Un statut de champion de la cause entrepreneuriale qui doit beaucoup au président d’Afreximbank, Benedict Oramah. Nommé à la tête de l’établissement financier en juin 2015, le dirigeant nigérian a très vite su joindre les actes à la parole, alliant aux discours pro-business les largesses du chéquier ; un levier assurément décisif lorsqu’il s’agit de conclure un deal. Au total, entre 2015 et 2021, c’est plus de 35 milliards de dollars de crédits qui ont ainsi été accordés au commerce et aux acteurs du secteur privé africain.

« Le patron du groupe panafricain a la qualité ultime du bon banquier : évaluer à bon escient la pertinence économique d’initiatives entrepreneuriales qui, adéquatement financées, feront demain la prospérité de toute une communauté »

Mieux : cette capacité à agir en faveur des entrepreneurs et hommes d’affaires du continent ne s’est pas faite au détriment de la rentabilité de l’établissement financier. Bien au contraire : entre 2015 — année au cours de laquelle Benedict Oramah a accédé à la présidence d’Afreximbank — et 2021, le bénéfice annuel net de la banque a plus que triplé, passant de 134 à 376 millions de dollars. Une bonne manière de rappeler que le patron du groupe panafricain a la qualité ultime du bon banquier : celle d’évaluer à bon escient la pertinence économique d’une multitude d’initiatives entrepreneuriales qui, adéquatement financées, feront demain la prospérité de toute une communauté.

L'ascension méthodique du président d'Afreximbank

Benedict Oramah, le président d’Afreximbank, lors des dernières assemblées annuelles de l’institution, tenues au Caire du 15 au 18 juin 2022

Rencontré en marge des dernières assemblées annuelles d’Afreximbank, en juin dernier, Benedict Oramah avait tenu a rappelé aux équipes de Forbes Afrique que son histoire personnelle était d’abord celle « d’un jeune garçon ayant grandi dans un contexte de guerre civile (la guerre du Biafra, ndlr) » et qui « avait vu les destructions et le carnage qu’infligeait la guerre ». En somme, un rapport au monde marqué par une conscience aigue de la précarité de l’existence et qui aura instillé en lui un impératif : capitaliser sur son ambition pour devenir un agent positif du changement.
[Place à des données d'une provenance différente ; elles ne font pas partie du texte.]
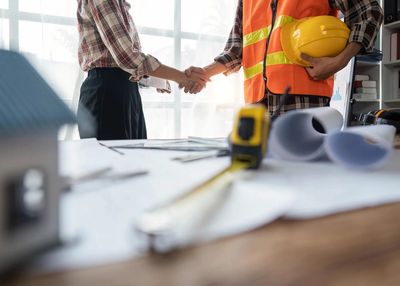 Two professionals shaking hands over architectural plans and construction tools on a desk.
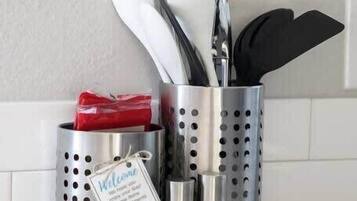 A kitchen utensil holder with a 'Welcome' sign and a 'Stay in my District' sign.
Et ambitieux, le financier d’origine nigériane, né en 1961, l’a assurément été. Titulaire d’un doctorat en économie agricole obtenu à l’université d’Obafemi Awolowo au Nigéria, le jeune Oramah a d’abord travaillé au sein de la Banque nigériane d’import-export (Nexim) avant de rejoindre l’Afreximbank en 1994, en tant que chef analyste. Une période assurément difficile : ce sont les années noires de l’afropessimisme, marquées par les tensions et conflits, une croissance atone, les redoutés programmes d’ajustements structurels et une paupérisation insidieuse d’une large partie de la population du continent. C’est dans ce contexte très particulier que Benedict Oramah gravit peu à peu les échelons : directeur senior chargé de la planification et du développement commercial en 2007, il devient vice-président exécutif chargé du développement commercial et des banques d’affaires en 2008 avant d’accéder à la marche suprême en 2015. Après un peu plus de deux décennies au sein de l’institution, le fidèle lieutenant qui a supervisé la préparation des quatre plans stratégiques d’Afreximbank établis depuis 1995, s’est finalement mué en général, prêt à exécuter son grand dessein : faire advenir une Afrique forte en aidant à booster significativement son commerce.